If there was a bright side to freezing our patooties off, it was that by the time we got back, the temperature had climbed to a whopping 9 degrees, so at least it was warming up nicely.

But apparently not enough for my worrywart Mom, who called to tell me to crank up my heat because whatever I had it set on (64, as I always do during winter), she had just seen on TV that terrible things happen to people if their heat is too low during the vortex and she was quite sure mine was too low.

Because no matter how old you are or how long you've been taking care of yourself, Mom always knows best.

Once the work I could do was finished, I realized I had the time to do the housekeeping that I'd put on hiatus a month ago to meet all the deadlines I needed to in order to skip town for sixteen days.

Even though my apartment is pretty much always neat and organized, I can ignore dust balls and hairballs like Stevie Wonder. After a while, I don't even see the shriveled up leaves and flowers that the houseplants shed on the floor near the sunny front windows.

And those Christmas presents that never got put away? About damn time, don't you think?

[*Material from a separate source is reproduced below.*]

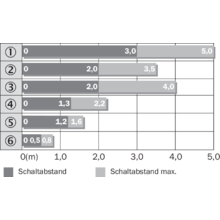 Wl9g 3p2232 Lichttaster Und Lichtschranken Sick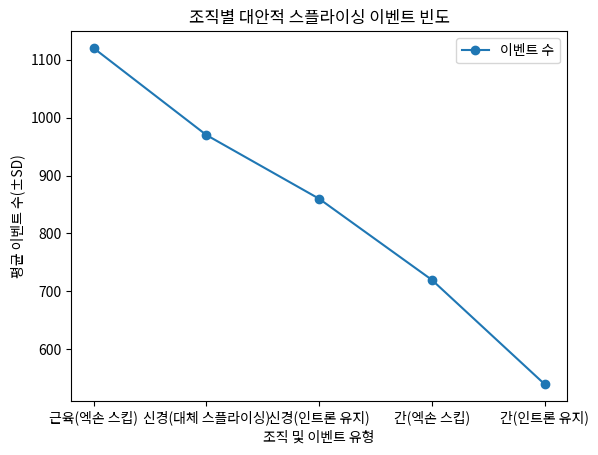 조직별 대안적 스플라이싱 이벤트 빈도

So with resolve in my heart and absolutely nothing better to do, I set out to thoroughly clean house. And I have to say, polishing bookshelves, wiping down stereo equipment and dusting artwork and photographs is a solid way to remind myself that I like my simple life here, even if the polar vortex is fracturing and there are ice patterns inside my storm windows.

Granted, the vigorous cardio workout of sweeping and mopping floors to get my blood moving didn't hurt my motivation, nor did having music blaring as accompaniment.

I was so overcome by domesticity that I even - gasp! - baked a lemon poundcake, although that could be attributable to wanting to have the oven on, I can't be sure.

Once even baseboards were clean and picture frames relieved of their dust layers, it finally occurred to me. I could go out in search of culture like I used to do before deadlines overcame my life or the beach made such things superfluous.

News flash: I could go to a movie. My brain was so beach relaxed that I'd forgotten I could do something rather than just be.

Wearing nearly as many layers as I had to walk this morning - cut me some slack, it was feeling like 16 degrees out there and my body had gotten acclimated to lows of 67 - I set out for Movieland to see "If Beale Street Could Talk," the new film from "Moonlight" director Barry Jenkins, the one I'd missed at this year's Afrikana Film Fest.

That it was based on James Baldwin's 1974 novel of the same name only added to the appeal, especially after having seen the documentary "I Am Not Your Negro" based on Baldwin's unfinished manuscript.

Mesmerizingly beautiful, excruciatingly poignant, exquisitely acted and gut-wrenchingly on point about social justice, the movie was as compelling as "Moonlight" had been and every bit as important a piece of cinema. Scenes unfolded slowly and naturally, which I love, and the jazz-inflected score was a masterpiece.

My only complaint was that everyone else in the theater was part of a couple, none of whom hesitated to talk to their partner throughout the film. Generally, if there's a talker, I don't hesitate to shush them, but you can't shush 20 people.

Even so, the movie was so moving and gorgeously shot that nothing could have ruined it for me. Baldwin was a brilliant writer and Jenkins is a genius filmmaker and the result is a movie that all but casts a spell on the viewer, even when they have to put up with people acting like they're in their own living rooms.

And did I mention that my mine is spotless? Although now that I've remembered that I don't have to spend time in it, I'm not sure it matters.

Silly girl, I should have been catching up on my beach reading.